Executive Summary
For the last decade, breakthroughs in artificial intelligence (AI) have come like clockwork, driven to a significant extent by an exponentially growing demand for computing power ("compute" for short). One of the largest models, released in 2020, used 600,000 times more computing power than the noteworthy 2012 model that first popularized deep learning.
Key Insight: Deep learning will soon face a slowdown in its ability to consume ever more compute for at least three reasons: (1) training is expensive; (2) there is a limited supply of AI chips; and (3) training extremely large models generates traffic jams across many processors that are difficult to manage.
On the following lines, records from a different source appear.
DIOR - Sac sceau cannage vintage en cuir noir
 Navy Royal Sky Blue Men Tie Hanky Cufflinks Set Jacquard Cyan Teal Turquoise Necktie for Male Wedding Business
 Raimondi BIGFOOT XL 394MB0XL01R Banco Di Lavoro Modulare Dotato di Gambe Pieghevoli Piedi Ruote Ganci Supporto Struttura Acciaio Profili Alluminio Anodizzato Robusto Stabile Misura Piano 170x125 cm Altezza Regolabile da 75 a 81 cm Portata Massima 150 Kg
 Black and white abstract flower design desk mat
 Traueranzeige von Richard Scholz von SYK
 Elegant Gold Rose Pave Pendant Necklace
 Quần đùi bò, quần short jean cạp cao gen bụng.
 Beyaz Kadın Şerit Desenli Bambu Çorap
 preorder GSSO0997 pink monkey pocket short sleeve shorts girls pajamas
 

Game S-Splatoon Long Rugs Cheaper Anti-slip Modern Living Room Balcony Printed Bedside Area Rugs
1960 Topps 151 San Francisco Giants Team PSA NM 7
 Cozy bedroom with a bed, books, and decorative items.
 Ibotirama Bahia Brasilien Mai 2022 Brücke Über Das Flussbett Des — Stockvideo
Progress towards increasingly powerful and generalizable AI is still possible, but it will require a partial re-orientation away from the dominant strategy of the past decade—more compute—towards other approaches.
Key Data Points
Key Insights Summary
Compute Growth Is Unsustainable
The current growth rate for training the most compute-intensive models cannot be sustained. We estimate that the absolute upper limit of this trend's viability is at most a few years away, and the slowdown may have already begun.
Three Major Constraints
Deep learning faces three major constraints: exploding training costs, limited supply of AI chips, and parallelization bottlenecks that create "traffic jams" across processors.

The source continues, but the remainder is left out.